**** SUPPLIED RECORDS

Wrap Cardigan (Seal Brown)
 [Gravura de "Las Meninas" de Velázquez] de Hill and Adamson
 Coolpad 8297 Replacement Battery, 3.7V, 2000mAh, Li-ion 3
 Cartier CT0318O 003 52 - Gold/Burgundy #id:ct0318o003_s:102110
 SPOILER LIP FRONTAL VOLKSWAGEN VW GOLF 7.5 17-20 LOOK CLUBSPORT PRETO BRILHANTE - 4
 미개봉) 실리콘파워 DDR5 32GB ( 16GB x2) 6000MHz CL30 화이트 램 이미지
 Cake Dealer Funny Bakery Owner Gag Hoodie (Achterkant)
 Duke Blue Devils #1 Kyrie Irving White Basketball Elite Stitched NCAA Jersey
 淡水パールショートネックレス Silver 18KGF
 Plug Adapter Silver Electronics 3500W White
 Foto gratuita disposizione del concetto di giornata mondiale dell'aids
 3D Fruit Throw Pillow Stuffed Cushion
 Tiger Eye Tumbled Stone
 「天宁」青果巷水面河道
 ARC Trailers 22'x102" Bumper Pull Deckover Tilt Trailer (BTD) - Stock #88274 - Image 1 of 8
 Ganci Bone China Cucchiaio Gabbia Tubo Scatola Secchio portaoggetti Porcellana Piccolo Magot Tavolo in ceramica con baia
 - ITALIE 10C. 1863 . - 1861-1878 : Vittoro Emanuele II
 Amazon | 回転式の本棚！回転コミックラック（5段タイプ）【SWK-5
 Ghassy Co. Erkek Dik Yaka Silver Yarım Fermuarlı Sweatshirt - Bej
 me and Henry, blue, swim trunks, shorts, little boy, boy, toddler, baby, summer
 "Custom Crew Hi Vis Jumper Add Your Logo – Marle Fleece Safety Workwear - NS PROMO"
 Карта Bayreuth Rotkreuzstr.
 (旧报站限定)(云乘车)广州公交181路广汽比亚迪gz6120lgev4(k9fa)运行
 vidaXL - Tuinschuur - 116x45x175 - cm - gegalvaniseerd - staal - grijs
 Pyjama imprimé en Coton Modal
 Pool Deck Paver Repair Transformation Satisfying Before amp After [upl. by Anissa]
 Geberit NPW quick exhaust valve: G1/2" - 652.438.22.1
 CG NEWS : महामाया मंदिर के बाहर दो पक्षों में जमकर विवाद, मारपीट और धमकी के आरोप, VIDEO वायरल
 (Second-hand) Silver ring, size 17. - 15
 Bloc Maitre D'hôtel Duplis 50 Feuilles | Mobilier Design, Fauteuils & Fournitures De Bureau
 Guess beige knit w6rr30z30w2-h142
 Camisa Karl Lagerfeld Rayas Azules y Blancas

********

Reproduce exactly the entries above, limited to the lines from the one with "Duke Blue Devils" through the one with "Foto gratuita disposizione", both included.

SOLUTION FOR THIS EXERCISE:
 Duke Blue Devils #1 Kyrie Irving White Basketball Elite Stitched NCAA Jersey
 淡水パールショートネックレス Silver 18KGF
 Plug Adapter Silver Electronics 3500W White
 Foto gratuita disposizione del concetto di giornata mondiale dell'aids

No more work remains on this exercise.